To try to find out the location of Mya, Alexander kidnaps Vladimir. After being tortured, Vladimir discloses the location of where Mr. Chen is holding Mya. Alexander then attends a meeting with Mr. Chen, and offers to give Mr. Chen his $300,000 - in exchange for Mya's safe return. After initially accepting Alexander's offer, Mr. Chen soon double crosses him on the deal. A bloody shootout then ensues, and after killing all of Mr. Chen's men, Alexander finally kills Mr. Chen in a sword-fight. He then takes Mya safely home to her brother Sasha and sister Lena.

==Cast==
- Steven Seagal as John Alexander
- Victor Webster as Sasha
- Tzi Ma as Mr. Chen
- Iulia Verdes as Lena
- Claudiu Bleont as Vladimir
- Bogdan Farkas as Aleksey
- Dave Maynard as Movie Star
- Sofia Nicolaescu as Mya
- Ana Adelaida Perjoiu as Maria
- Ovidiu Niculescu as Pavel
- Elias Ferkin as Li Wei
- Radu Banzaru as Priest
- Massimo Dobrovic as Roberto
- Alina Ionescu as Female Bartender
- Ioana Moldovanu as Passion

==Production==

===Filming===
The movie was shot over a period of three weeks. While filming in Bucharest, Steven Seagal adopted a seven-month-old puppy. He adopted the puppy to raise awareness of “stray dogs” that have been viewed as a major nuisance in the “formerly communist country (Romania)” for many years. In September 2013, Romania's parliament passed a law that allowed Bucharest's 64,000 street dogs to be euthanized, despite the objections of animal rights activists.

==Release and reception==

===Distribution===
The movie was released by Lionsgate Entertainment on August 19, 2014.

===Critical reception===
There are currently no reviews for the movie on Rotten Tomatoes.

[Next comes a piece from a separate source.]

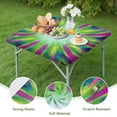 thumbnail image 4 of Colorful Tie Dye Burst Pattern Square Fitted Tablecloth with Elastic Edge,Square Table Cover,Washable Elastic Table Cover for Home Kitchen Party Decor 36"x36", 4 of 6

The movie has received mixed reviews from film critics. One film critic said that A Good Man is "not a good movie" and only has a "basic story of vigilantism".

==Piracy lawsuit==
In January 2015, the law firm 'Nicoletti Law PLC' filed a suit against 12 residents of West Michigan on behalf of the copyright holders of the movie. Attorney Paul Nicoletti has stated in court documents that “IP address holders found to have downloaded or distributed” copyright material could be subject to “hundreds of thousands of dollars” in fines. The movies copyright holders have maintained that piracy is hurting them financially, and because of this, they have had to step up "their efforts” to seek financial compensation. Since November 2014, 127 lawsuits have been filed against alleged copyright violators throughout the United States. A number of other lawsuits have also been filed throughout the states of Michigan (as a whole) and Colorado. A Good Man marks at least the second time a Seagal picture has been placed into mass copyright litigation, following Maximum Conviction in 2013.

==Sequel==

Seagal reprised his role as Alexander, and Keoni Waxman returned to direct the movie. The sequel is called Absolution.